As if she had read his thoughts, she answered. ‘It’s my reputation. I’m responsible for those pieces.’
Flavia broke in here. ‘The pieces could have been switched when they got back to China. It didn’t have to happen here. And you’re hardly responsible for what happened when they got there.’ There was real animosity in Flavia’s voice. Brunetti found it interesting that she sounded jealous, of all things, of a country.
Her tone wasn’t lost on Brett, who answered sharply, ‘It doesn’t matter where it happened; it happened.’
To divert them both and remembering what Lele had said about ‘knowing’ that something was genuine or false, Brunetti the policeman asked, ‘Do you have proof?’
‘Yes,’ Brett began, voice more slurred than it had been when he arrived.
Hearing that, Flavia interrupted them both and turned to Brunetti. ‘I think that’s enough, Dottor Brunetti.’
He looked across at Brett, and he was forced to agree. The bruises on her face seemed darker now than when he had come in, and she had sunk lower on the pillows. She smiled and closed her eyes.
He didn’t insist. ‘I’m sorry, signora,’ he said to Flavia. ‘But it can’t wait.’
‘At least until she’s home,’ Flavia said.
He glanced at Brett, to see what she thought of this, but she was asleep, head turned to one side, mouth slack and open. ‘Tomorrow?’
Flavia hesitated, then gave him a reluctant ‘Yes’.
He stood and took his coat from the chair. Flavia came as far as the door with him. ‘She’s not just worried about her reputation, you know,’ she said. ‘I don’t understand it, but she needs to see that these pieces get back to China,’ she added, shaking her head in apparent confusion.
Because Flavia Petrelli was one of the best singing actresses of her day, Brunetti knew it was impossible to tell when the actress spoke and when the woman, but this sounded like the second. Assuming that it was, he answered, ‘I know that. I think it’s one of the reasons I want to find out about this.’
‘And the other reasons?’ she asked suspi
ciously.
‘I won’t work any better if I’m doing it out of personal motives, signora,’ he said, signalling the end of their brief personal truce. He pulled on his coat and let himself out of the room. Flavia stood for a moment staring across at Brett, then returned to her seat beside the bed and picked up the pile of costume drawings.
Chapter Eight
LEAVING THE hospital, Brunetti noticed that the sky had darkened, and a sharp wind had risen, sweeping across the city from the south. The air was heavy and damp, presaging rain, and that meant they might be awakened in the night by the shrill blast of the sirens.
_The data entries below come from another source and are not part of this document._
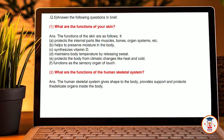It functions as the sensory organ of touch. Second, what are the functions of the human skeleton system? Answer: The human skeleton system gives shape to the body, provides support, and protects other delicate organs inside the body. I hope you enjoyed the video — please like, share, subscribe, and comment.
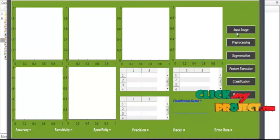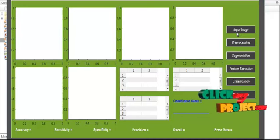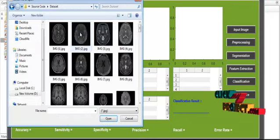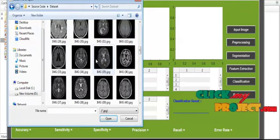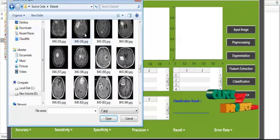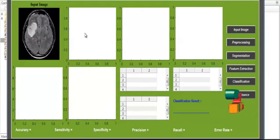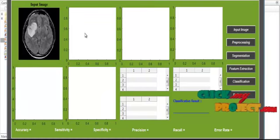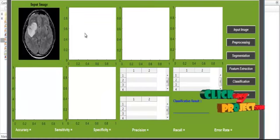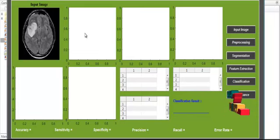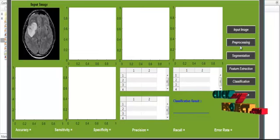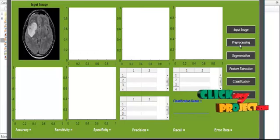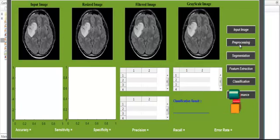First of all, click the button Input Image. After clicking the Input Image button, open the dataset folder and select any one image from the dataset. After selecting the image from the dataset, the corresponding image is shown in axis 1 with the title of Input Image. After getting the input image, we move to the second stage of the project, which is preprocessing.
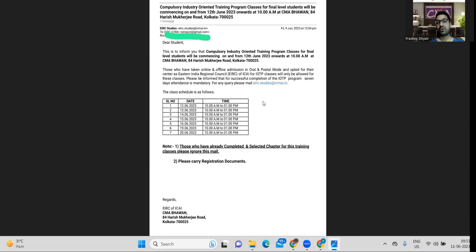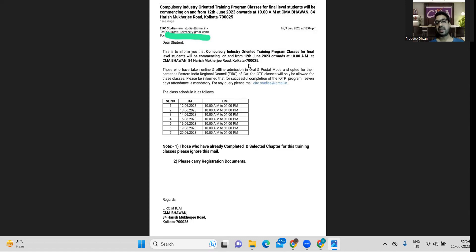And you can see that it's clearly mentioned that this is to inform you that compulsory IOTP classes for final students is going to start from 12 June onwards at 10 a.m. at this address. So the classes will be conducted at this address and clearly mentioned that this is only for oral postal students of EIRT.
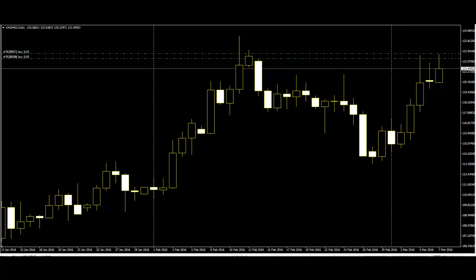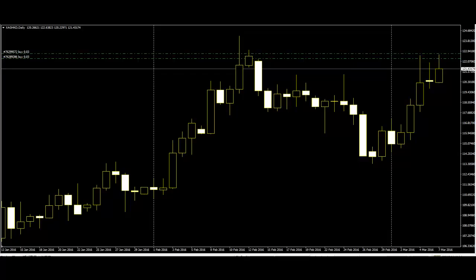The opposite of the bullish engulfing candle is the bearish engulfing pattern. It will move to a level above the previous high, then after finding selling volume, will move sharply downwards, breaking the previous day's low. This can be a precursor to a sharp, sustained drop in price or trend change.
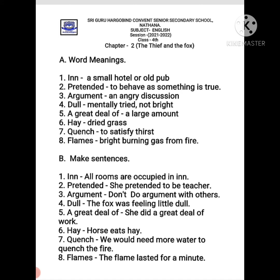'Argument' means an angry discussion — bahut zyada angry discussion, yani bahes karna (to argue intensely). 'Dull' has two meanings: 'not bright' — for example, a wall color that is not bright; and 'mentally tired' — dimag se thakna. If you work too much, your mind gets tired and you feel 'I cannot work anymore, I will do it tomorrow.' That is dull.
He hated acqua alta with the passion that all Venetians felt for it, felt an anticipatory rage at the gaping tourists who would cluster together on the raised wooden boards, giggling, pointing, snapping pictures and blocking decent people who just wanted to get to work or do their shopping so they could get inside where it was dry and be rid of the bother, the mess, the constant irritation that the unstoppable waters brought to the city. Already calculating, he realized that the water would affect him only on the way to and from work, when he had to pass through Campo San Bartolomeo at the foot of the Rialto Bridge. Luckily, the area around the Questura was high enough to be free of all but the worst flooding.
He pulled up the collar of his coat, wishing he had thought to wear a scarf that morning, and hunched his head down, propelled from behind by the wind. As he crossed behind the statue of Colleoni, the first fat drops splattered on the pavement in front of him. The only advantage of the wind was that it drove the rain at a sharp diagonal, keeping one side of the narrow calle dry, protected by the roofs. Those wiser than he had thought to bring umbrellas and walked protected by them, ignoring anyone who had to dodge around or under them.
By the time he got to the Questura, the shoulders of his coat were wet through and his shoes soaked. In his office, he removed his coat and put it on a hanger, then hung it on the curtain rod that ran in front of the window above the radiator. Anyone looking into the room from across the canal would see, perhaps, a man who had hanged himself in his own office. If they worked in the Questura, their first impulse would no doubt be to count the floors, looking to see if it was Patta’s window.